> **DESCRIPTION OF THE TASK**:
Each record that follows is to be duplicated exactly, though its pictures are not.

> **Crawled caption data**:
--- START ---
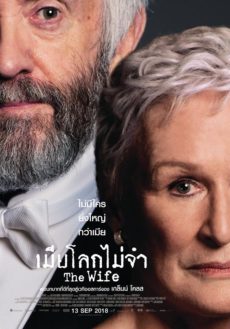 The Wife (2017) เมียโลกไม่จำ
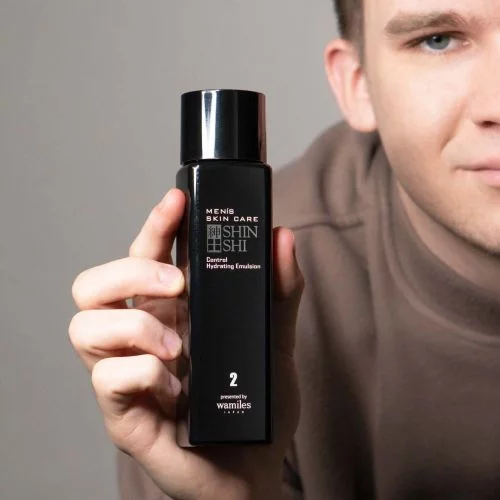 Мужской увлажняющий лосьон для лица Men's Skin Care Control Hydrating Emulsion &quot;SHINSHI&quot; 200 мл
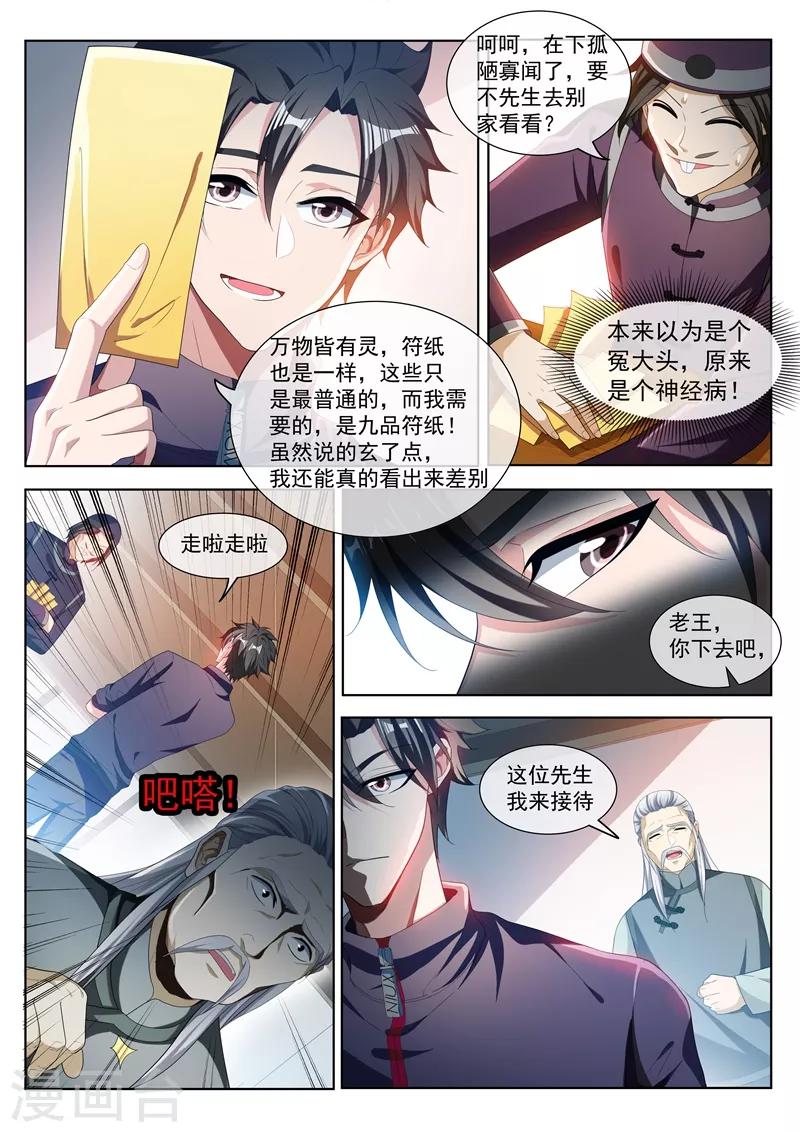 第201话 贵人还是仙人？3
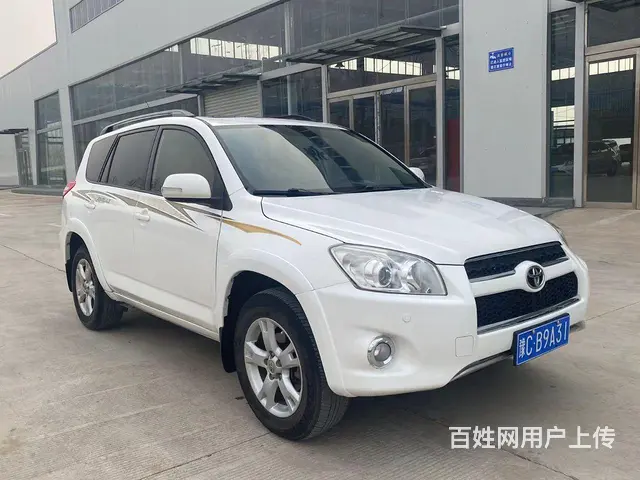 丰田RAV4 2012款 2.0 自动 经典版 - 图片 1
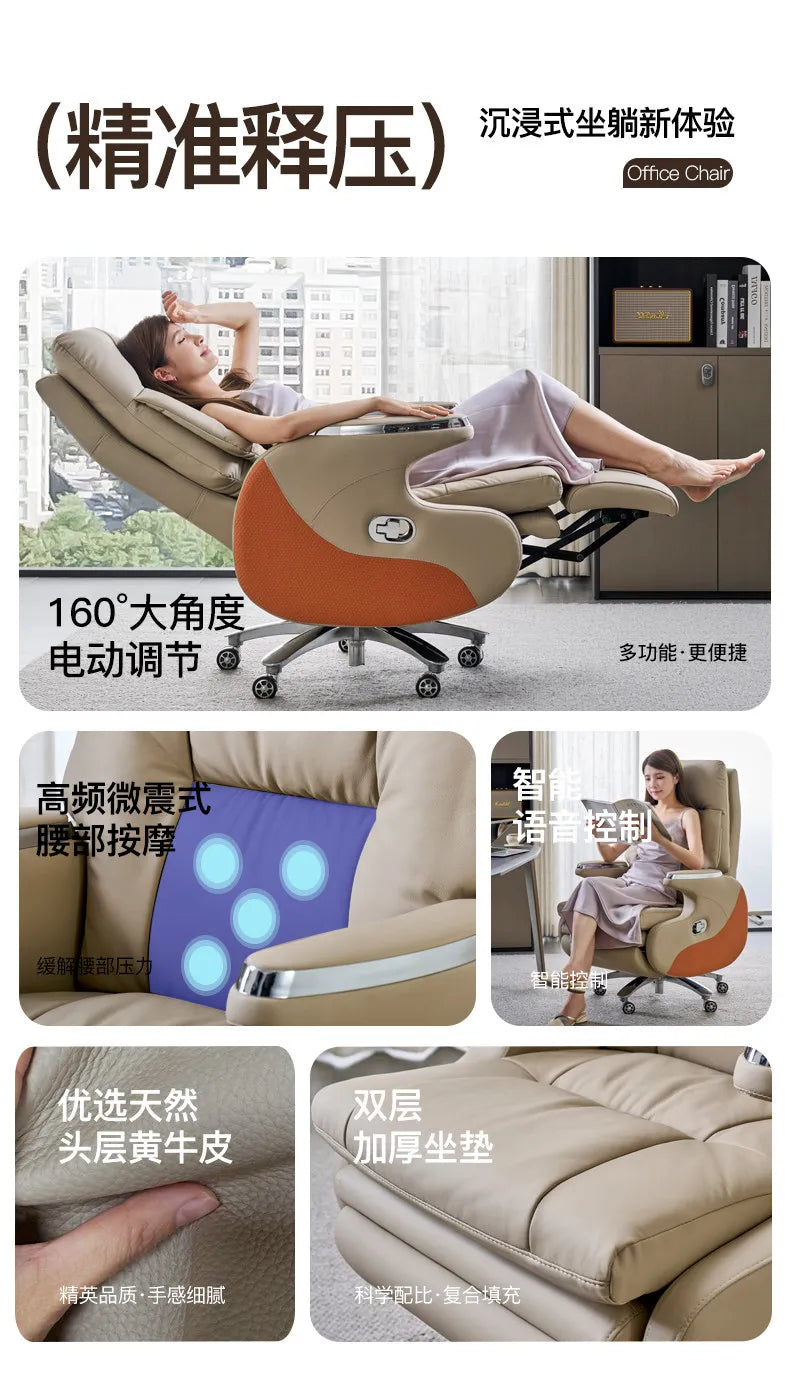 PPP Designer Armrest Office Chair Ergonomic Support Pliable Chaise Office Chair Lazyboy Lounge Massage Sillas De Oficina Furnitu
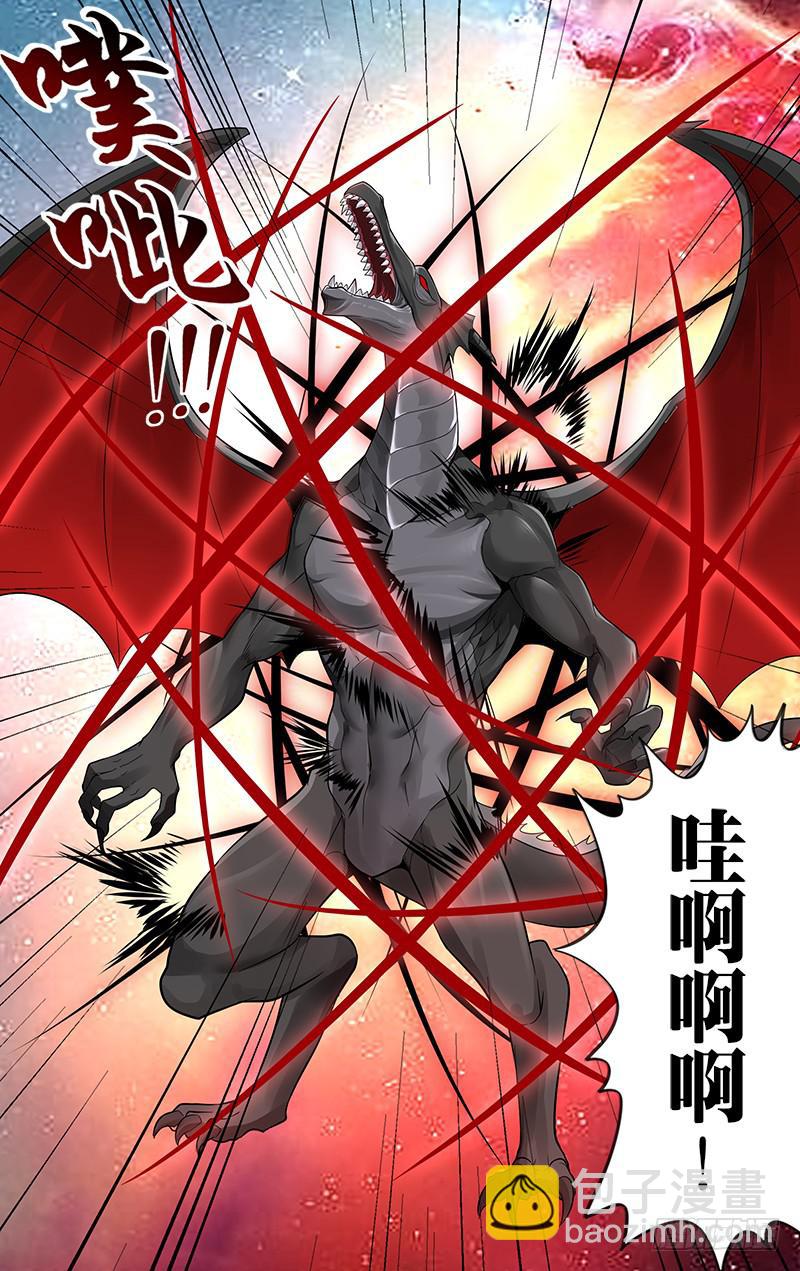 第121话（终焉）-第121话
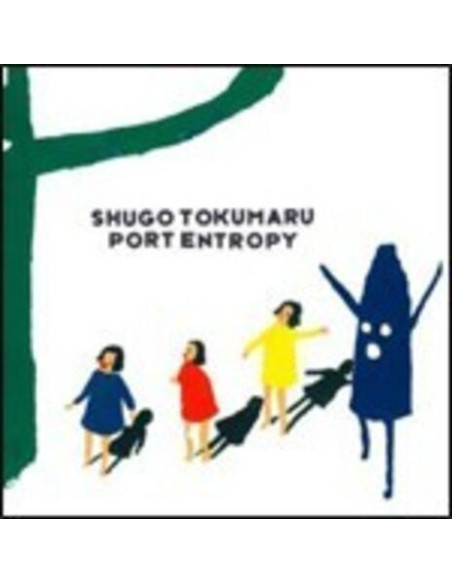 Tokumaru, Shugo - Port Entropy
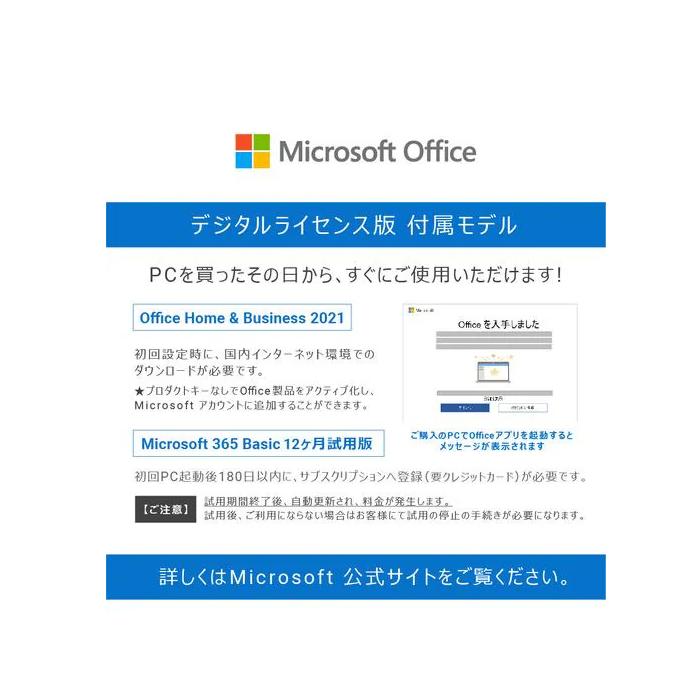 新品 DELL Inspiron 24 5420 AI37-DNHBW 23.8インチ Core i3-1315U SSD容量512GB メモリー 8GB Office 2021搭載 外付けDVDの画像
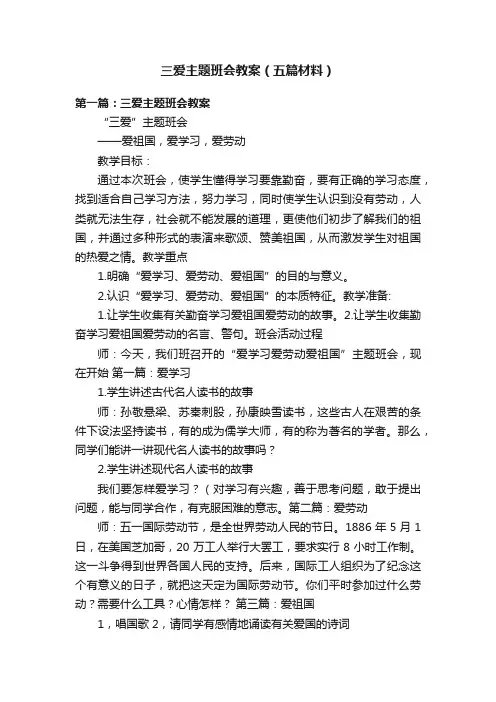 三爱主题班会教案（五篇材料）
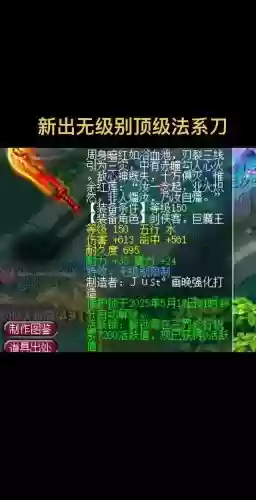 梦幻西游霸刀，霸刀功法插图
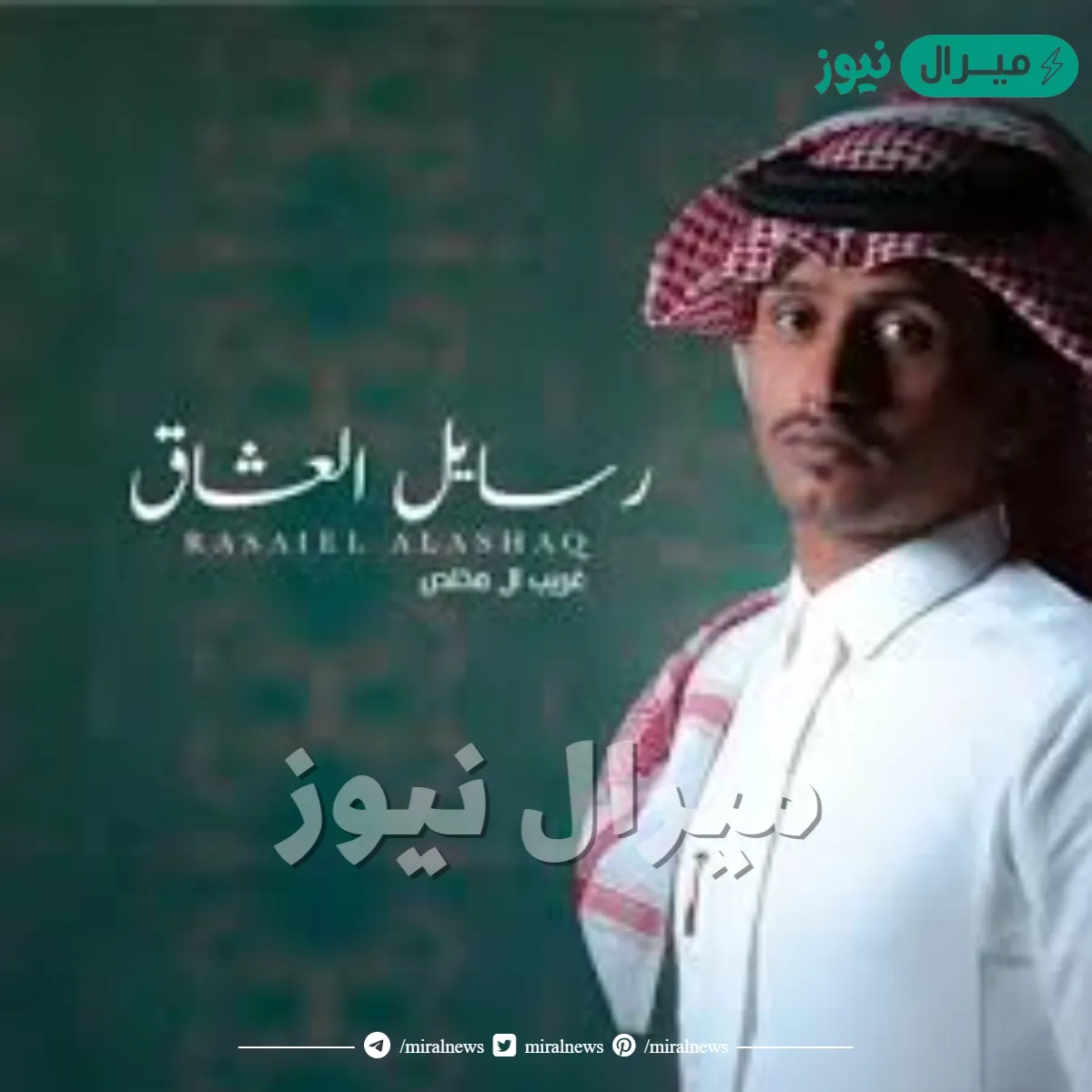 رسايل العشاق كلمات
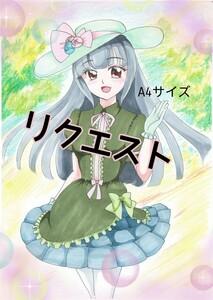 手描きイラストリクエスト☆Ａ４一人、人外、男の娘ＯＫ♪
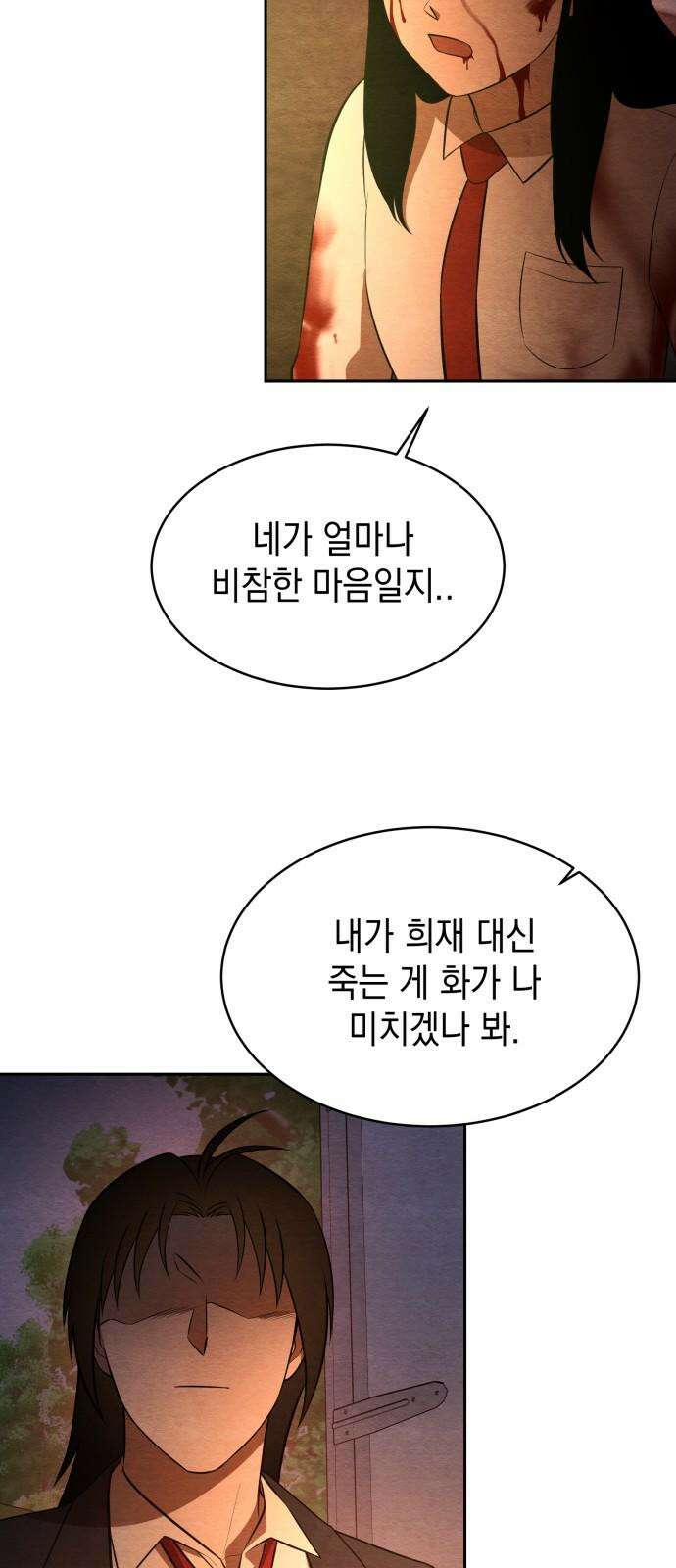 수호소녀 44화 14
--- END ---
> **RESULT**:
 The Wife (2017) เมียโลกไม่จำ
 Мужской увлажняющий лосьон для лица Men's Skin Care Control Hydrating Emulsion &quot;SHINSHI&quot; 200 мл
 第201话 贵人还是仙人？3
 丰田RAV4 2012款 2.0 自动 经典版 - 图片 1
 PPP Designer Armrest Office Chair Ergonomic Support Pliable Chaise Office Chair Lazyboy Lounge Massage Sillas De Oficina Furnitu
 第121话（终焉）-第121话
 Tokumaru, Shugo - Port Entropy
 新品 DELL Inspiron 24 5420 AI37-DNHBW 23.8インチ Core i3-1315U SSD容量512GB メモリー 8GB Office 2021搭載 外付けDVDの画像
 三爱主题班会教案（五篇材料）
 梦幻西游霸刀，霸刀功法插图
 رسايل العشاق كلمات
 手描きイラストリクエスト☆Ａ４一人、人外、男の娘ＯＫ♪
 수호소녀 44화 14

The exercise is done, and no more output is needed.